- Title: Av Beis Din

Personal life
- Born: Late 18th century Białystok, Poland
- Died: 19th century
- Parent: Rabbi Eliezer Lipman Lichtstein
- Notable work: Kanfei Nesharim
- Known for: Kanfei Nesharim
- Occupation: Rabbi, Talmudist

Religious life
- Religion: Judaism

Senior posting
- Post: Av Beis Din of Przasnysz, Poland

= Abraham Lichtstein =

Israeli author

Abraham Lichtstein (אברהם לכטשטיין) was a Polish rabbi and Talmudist. He served as the Av Beis Din of Przasnysz, Poland and authored a commentary on the Pentateuch entitled Kanfei Nesharim (כנפי נשרים, "Wings of Eagles").

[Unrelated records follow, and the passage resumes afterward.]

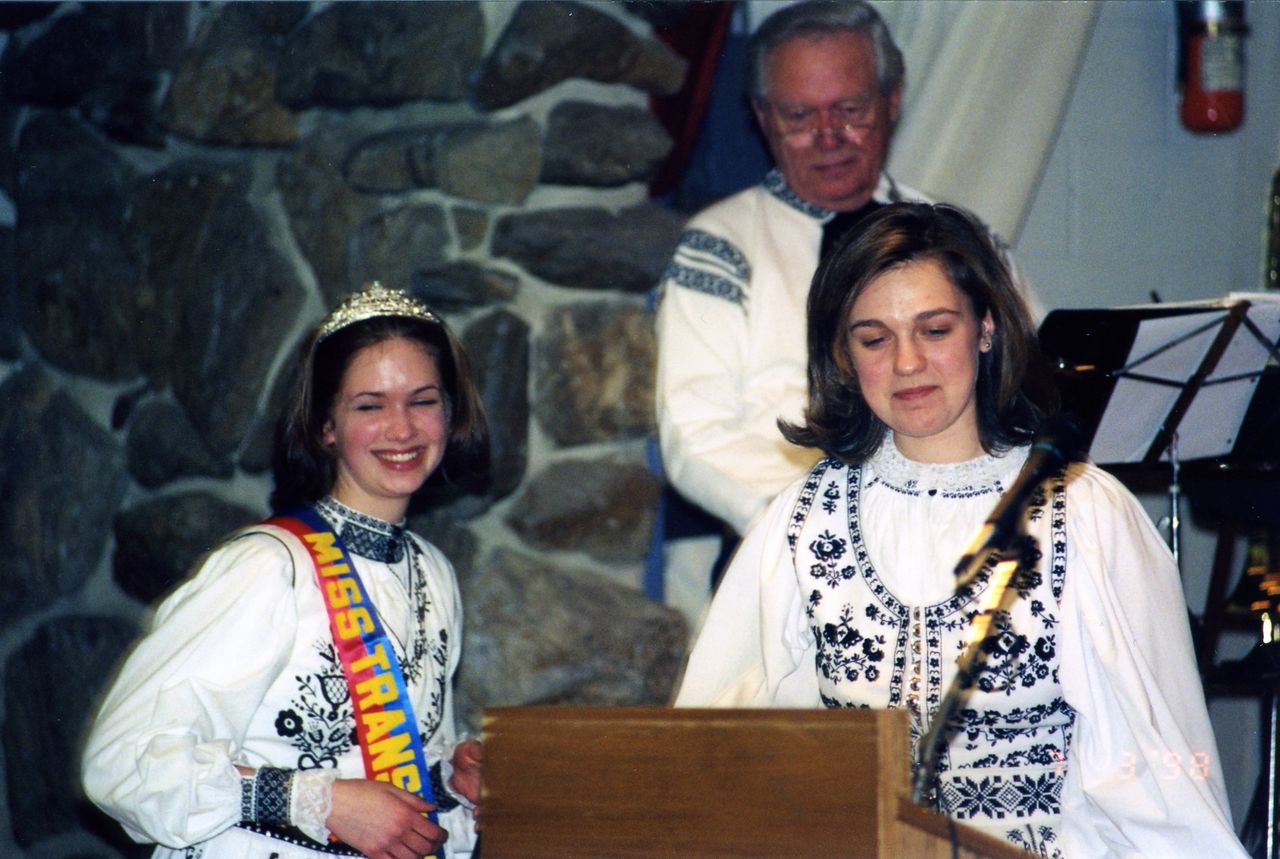 1998-03-07-017.jpg
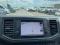 preview Volkswagen Crafter #5
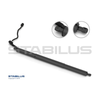 Stabilus Electric Tailgate Strut 430705 thumbnail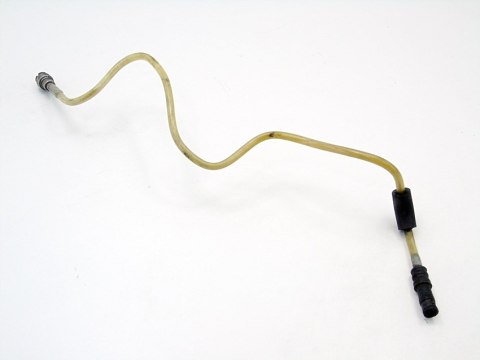 PRZEWÓD RURKA PALIWA 2.0 D BMW X3 E46 E90 E91 E60 E61 E87 E91 E83 M47D20 PRZEWÓD RURKA PALIWA 2.0 D BMW X3 E46 E90 E91 E60 E61 E87 E91 E83 M47D20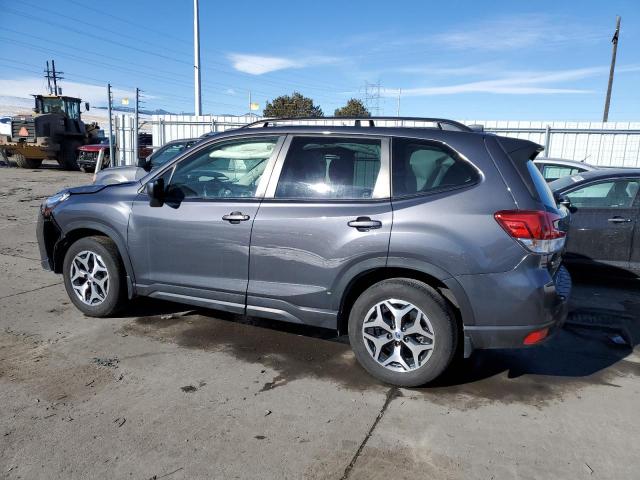 JF2SKAJC3LH587917 Subaru Forester Premium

== Early life, education and career ==
Lichtstein was born in Białystok at the end of the eighteenth century. He was the son of Rabbi Eliezer Lipman Lichtstein and grandson of Rabbi Kalman of Białystok.

His major work, Kanfei Nesharim, was published in Warsaw in 1881. The sefer is divided into several parts, each with a separate name:
1. Kiryat Sefer, an introduction to each book of the Pentateuch
2. To'aliyyot ha-Ralbag, a treatment of the doctrines deduced by Gersonides from passages of the Torah
3. Abach Soferim, miscellanea
4. Machazeh Abraham, consisting of sermons on each section of the Torah
5. Ner Mitzvah, a treatment of the number of the precepts according to Maimonides
6. Shiyyure Miẓwah, a treatment of the additional precepts according to Nahmanides, Moses ben Jacob of Coucy, and Isaac ben Joseph of Corbeil
7. Milchemet Mitzvah, on the disputes among various authorities concerning the numbering of the precepts by Maimonides
8. Torat ha-Ḳorbanot, on the Levitical laws of offerings and on the order of the High Priest's service in the Sanctuary on Yom Kippur
9. Sha'arei Tziyyon, orations on theological subjects

The whole work was published together with the text of the Pentateuch (Josefow, 1829) and republished without the text (Vilna, 1894).

Lichtstein also authored a commentary on the Sefer ha-Tappuach, which was published together with the text in the Grodno edition of 1799.